- _Work to be completed_: Give the lines again exactly as they appear below, from the line with "Puchungo asegura que" to the line with "2018 Chevrolet Equinox LT", both included, and only those lines. Leave every picture out.

- _Records for processing_:
----
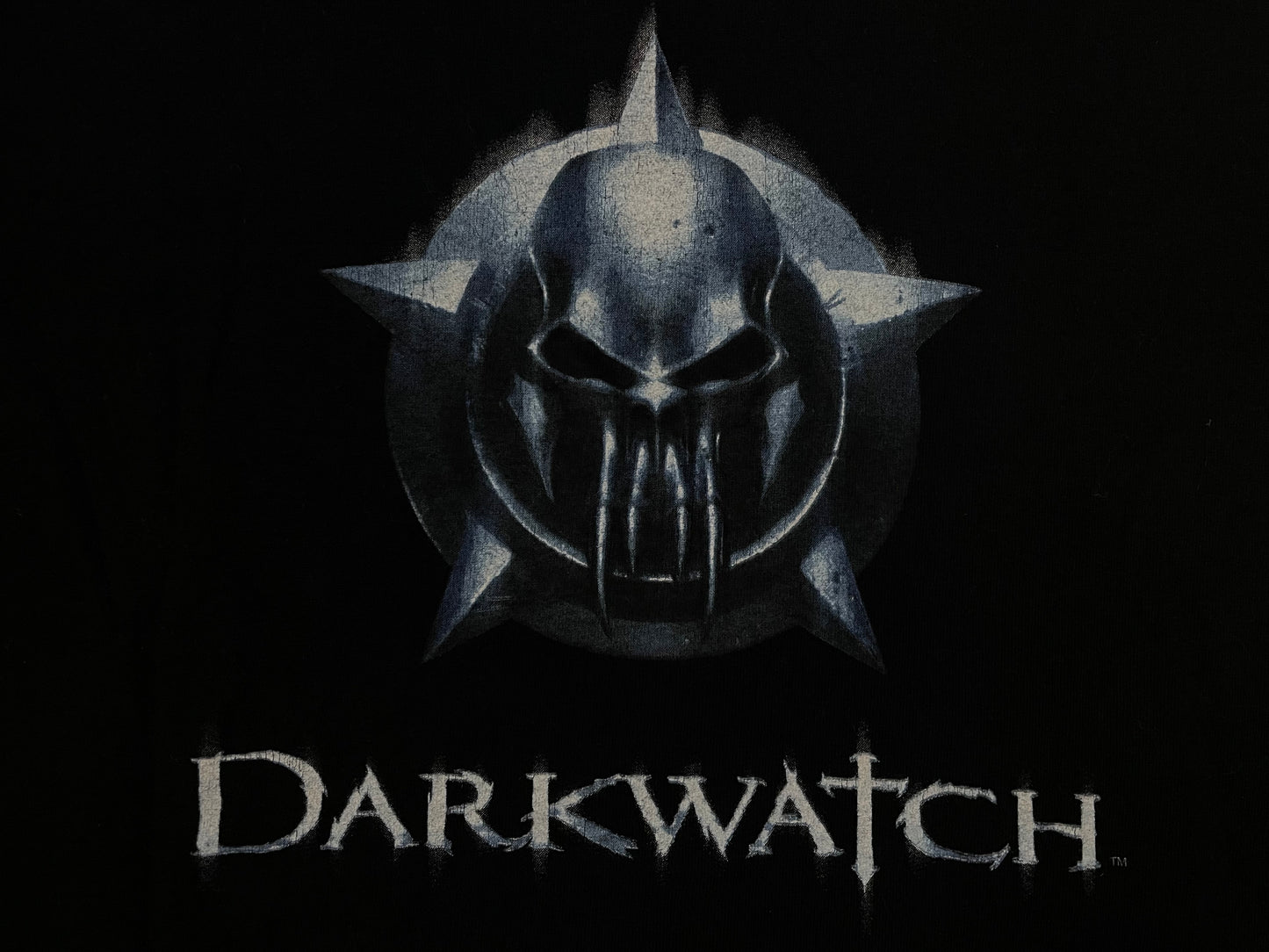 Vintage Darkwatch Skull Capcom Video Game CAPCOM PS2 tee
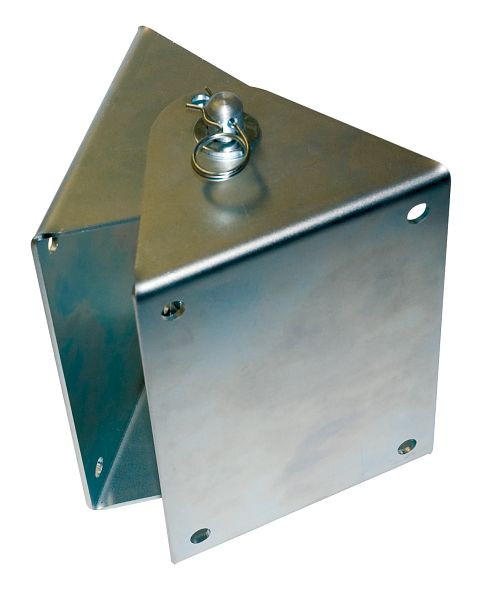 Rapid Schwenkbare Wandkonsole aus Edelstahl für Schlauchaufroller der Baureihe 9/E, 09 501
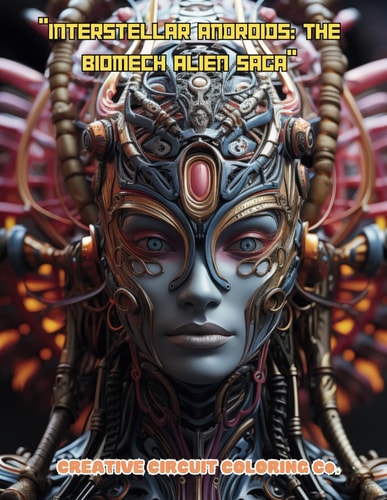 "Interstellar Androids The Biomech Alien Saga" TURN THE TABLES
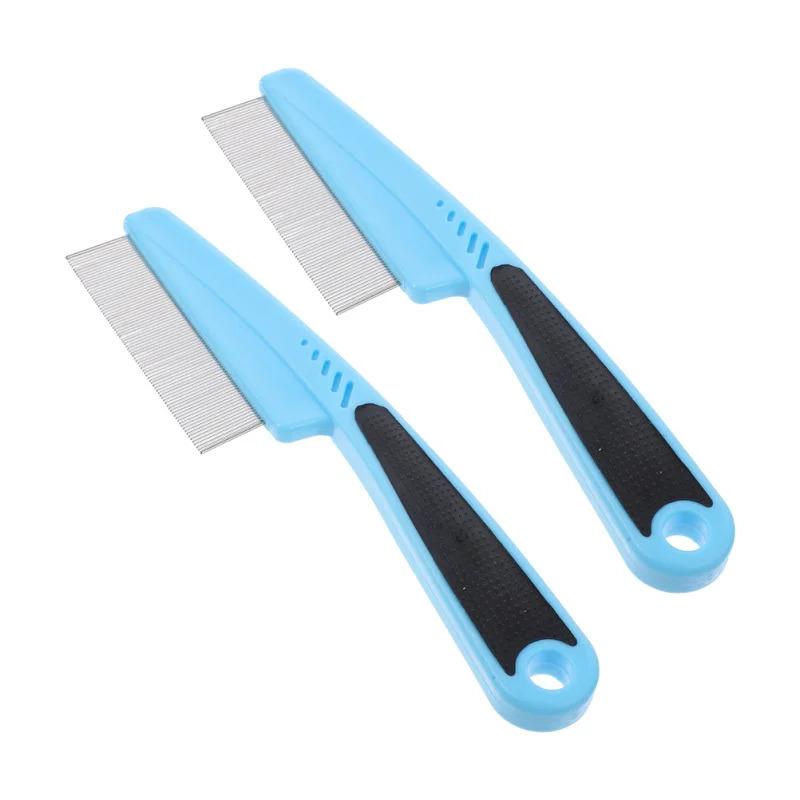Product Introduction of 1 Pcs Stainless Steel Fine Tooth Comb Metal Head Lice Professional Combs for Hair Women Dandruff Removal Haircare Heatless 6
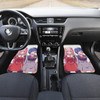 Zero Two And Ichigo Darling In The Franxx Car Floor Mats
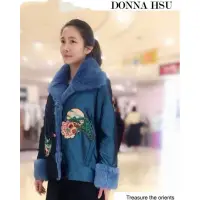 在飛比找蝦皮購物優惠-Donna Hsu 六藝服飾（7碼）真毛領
----
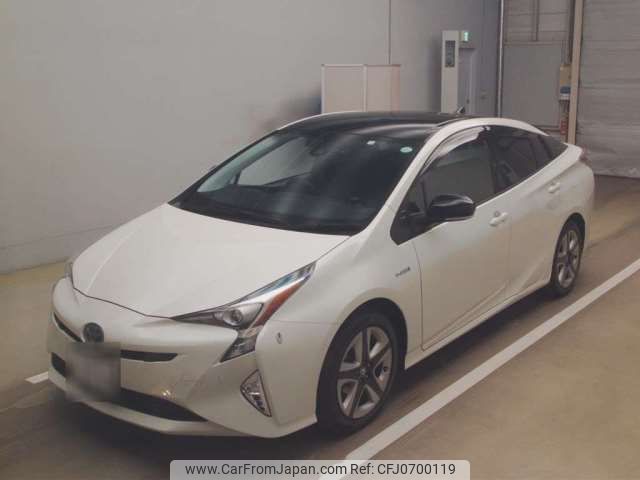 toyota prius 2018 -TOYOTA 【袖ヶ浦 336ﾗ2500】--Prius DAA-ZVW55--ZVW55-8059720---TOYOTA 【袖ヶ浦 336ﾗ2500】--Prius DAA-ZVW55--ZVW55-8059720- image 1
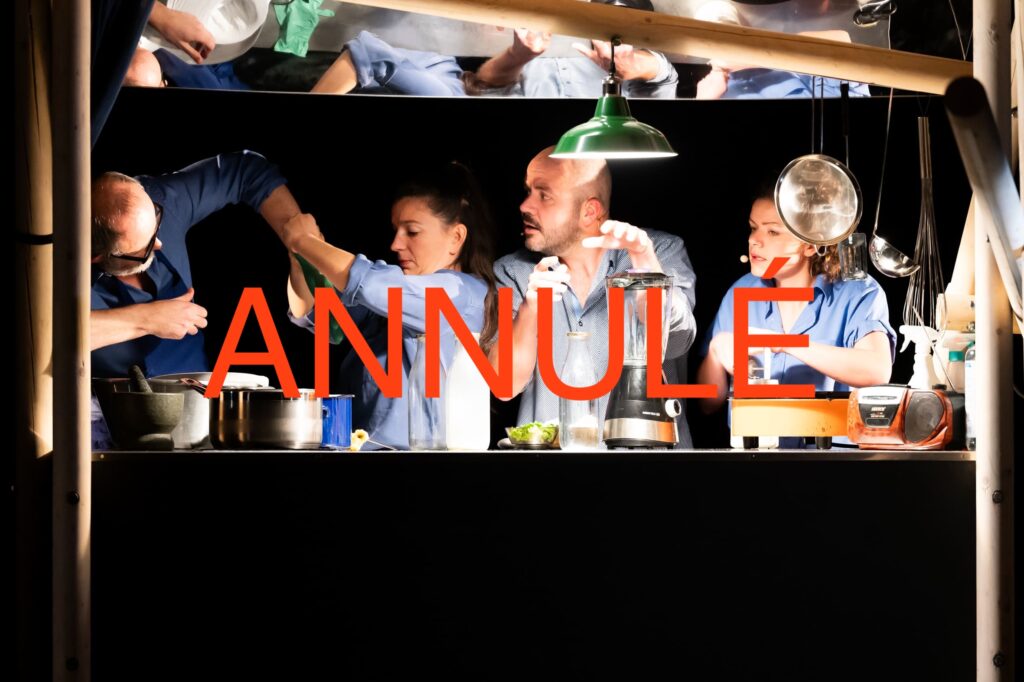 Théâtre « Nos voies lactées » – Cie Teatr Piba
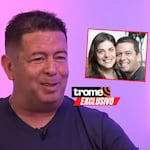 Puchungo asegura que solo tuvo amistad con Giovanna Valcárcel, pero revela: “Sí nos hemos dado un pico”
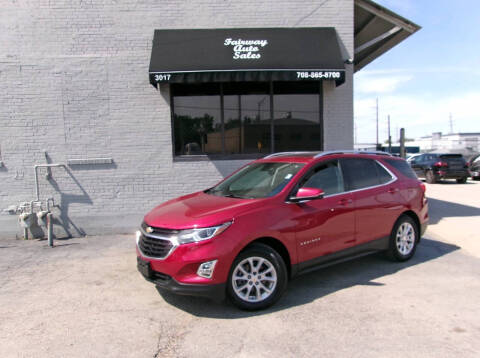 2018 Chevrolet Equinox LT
----
- _Answer to this problem_:
 Puchungo asegura que solo tuvo amistad con Giovanna Valcárcel, pero revela: “Sí nos hemos dado un pico”
 2018 Chevrolet Equinox LT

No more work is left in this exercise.